ドナルド・トランプ大統領は、自身への暗殺未遂事件をホワイトハウスの舞踏室建設を推進する口実に利用しようとしているが、その実現に向けた少なくとも一つの経路が閉ざされる可能性がある。
「上院多数党院内総務ジョン・スーンは月曜日、共和党の党議拘束による移民取締法案の一環としてホワイトハウスの舞踏室建設を議会が承認できるかどうかについて、明言を避けた」とポリティコが月曜日に報じ、「わからない。何が実現可能か見てみよう」という彼の発言を引用した。

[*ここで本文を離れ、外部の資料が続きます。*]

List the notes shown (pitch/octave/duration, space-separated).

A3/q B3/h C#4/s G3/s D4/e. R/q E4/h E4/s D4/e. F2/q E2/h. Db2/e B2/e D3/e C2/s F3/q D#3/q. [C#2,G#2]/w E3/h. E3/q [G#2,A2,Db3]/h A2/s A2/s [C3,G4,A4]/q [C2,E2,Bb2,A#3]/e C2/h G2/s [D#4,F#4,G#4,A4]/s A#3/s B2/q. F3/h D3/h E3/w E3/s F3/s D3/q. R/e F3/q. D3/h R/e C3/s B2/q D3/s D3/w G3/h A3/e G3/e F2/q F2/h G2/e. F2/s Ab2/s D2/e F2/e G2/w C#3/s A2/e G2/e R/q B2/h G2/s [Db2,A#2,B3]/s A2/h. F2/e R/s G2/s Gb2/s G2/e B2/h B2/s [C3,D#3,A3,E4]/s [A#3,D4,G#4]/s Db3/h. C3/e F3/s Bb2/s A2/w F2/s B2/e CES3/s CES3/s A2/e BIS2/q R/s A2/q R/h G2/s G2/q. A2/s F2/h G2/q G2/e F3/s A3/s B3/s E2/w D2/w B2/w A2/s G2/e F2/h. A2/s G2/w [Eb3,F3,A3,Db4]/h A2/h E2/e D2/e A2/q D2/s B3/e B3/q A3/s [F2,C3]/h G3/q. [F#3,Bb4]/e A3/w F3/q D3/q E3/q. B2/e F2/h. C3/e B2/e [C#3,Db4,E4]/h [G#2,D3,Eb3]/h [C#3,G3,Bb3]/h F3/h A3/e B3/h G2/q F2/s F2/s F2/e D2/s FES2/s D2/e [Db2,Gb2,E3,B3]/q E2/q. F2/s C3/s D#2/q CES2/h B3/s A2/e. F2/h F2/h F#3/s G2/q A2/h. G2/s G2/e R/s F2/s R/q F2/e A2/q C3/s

土曜日にホワイトハウス記者協会ディナーでトランプの命が狙われた事件を受け、多くの保守派はこの出来事がトランプに舞踏室建設の必要性を証明したと主張した。(ホワイトハウス記者協会ディナーは民間イベントであり、ホワイトハウスで開催されたことは一度もない。)保守派活動家のトム・フィットン、ジャック・ポソビエック、Libs of TikTok、Wall Street Mavは、今回の銃撃が舞踏室の必要性を証明していると主張し、複数の共和党議員も同様の見解を示した。ランド・ポール上院議員(共和党・ケンタッキー州)は銃撃後に「明日、法案を提出する。舞踏室を建設しよう」と投稿した。
しかしポリティコによれば、スーンの発言は、トランプが舞踏室を手に入れるとしても、それは移民関連の予算法案を通じてではないかもしれないことを示唆している。
「匿名を条件に率直に語った3人の議会補佐官は、ホワイトハウスの舞踏室への資金提供に関する条項は、共和党が現在進めているフィリバスター回避の予算調整計画の枠内には収まらないと述べた」とポリティコは報じた。「共和党は、国土安全保障省の予算失効により依然として業務停止中の移民取締機関に対し、およそ700億ドルを拠出することを目指している。」
同記事はさらに、「スーンは、舞踏室に関する条項を追加できるか確信が持てない理由として、法案の作成を担当したのは司法委員会と国土安全保障委員会の二つのみであり、いずれも舞踏室計画に対する管轄権を持たないと指摘した」と付け加えた。
トランプは数ヶ月にわたってホワイトハウスの舞踏室に執着しており、アメリカ国民に直接影響を与える多くの政策提案よりもその建設を優先させている。
「ワシントン・ポストによるトランプの公式発言およびソーシャルメディア投稿の分析によると、トランプは今年の約3分の1の日数で舞踏室について言及しており、その頻度はいくつかの主要政策課題への言及に匹敵、あるいはそれを上回るほどだ」と、ワシントン・ポストのクララ・エンス・モースとダン・ダイアモンドは書いている。「今年、このプロジェクトへの言及日数は、関税やイランといったテーマよりは少ないが、医療保険や『生活費』について言及した日数とほぼ同じだ。」
両者は、トランプが自身の舞踏室をTrumpRxウェブサイトよりも「著しく」頻繁に宣伝していると指摘した。TrumpRxは「アメリカ国民がより安価な処方薬を探せるよう、同政権が導入したサービス」である。それだけではなかった。
「例えば4月、大統領はTruth Socialプラットフォームにおいて、トランプの看板経済政策である関税よりも舞踏室に関する投稿をより多く発信した」とモースとダイアモンドは書いた。「木曜日、大統領はTruth Socialに投稿し、議会の承認が得られるまでプロジェクトの停止を命じた連邦判事について不満を述べ、再び判事について不満を述べ、原告について不満を述べ、そしてもう一度判事について不満を述べた。その罵倒の言葉は総計800語近くに上った。そして数分以内に、トランプは4つの投稿すべてを再共有した。」